There are several missteps parents can make in child custody matters when their focus is to serve their own needs rather than the needs of the child. Parental alienation is when one parent disparages the other parent intending to undermine the relationship between the other parent and the child.
Parental alienation may start before divorce even begins and has the potential to be very damaging to the child and the targeted parent.
Alienation can go beyond insulting the other parent. False allegations of abuse and reports to child services may come into play. A common tactic is to try to make the child feel guilty for spending time with the other parent or openly blame the other parent for all the problems in the family.
How to recognize it
You may not personally witness any direct disparagement from the other parent. However, you may be able to tell something is wrong by the behavior of your child.
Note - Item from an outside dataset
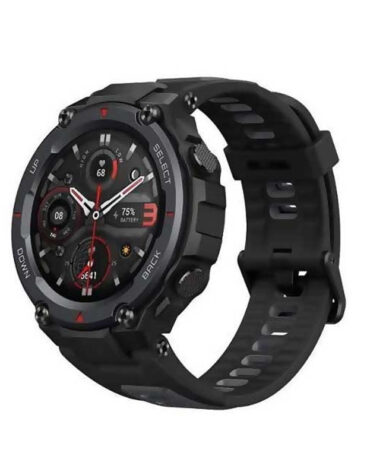 Original Smartwatches Amazfit T-Rex Pro Smart Watch | Black, Blue, Silver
If you notice that your child is pulling away from spending time with you, is inexplicably angry with you or is abnormally focused on the emotional needs or reactions of the other parent, parental alienation may be occurring.
What to do about it
If you suspect that the other parent of your child is purposefully attempting to damage your relationship, bring it up as a child custody issue. If your ex is going so far as to violate custody orders to prevent you from seeing the child, they may be committing a felony under Minnesota law.
Parental alienation can have lasting psychological effects on the child. They not only miss out on the relationship with the targeted parent, but they suffer guilt and confusion over loving the targeted parent despite the obvious wishes of the alienating parent.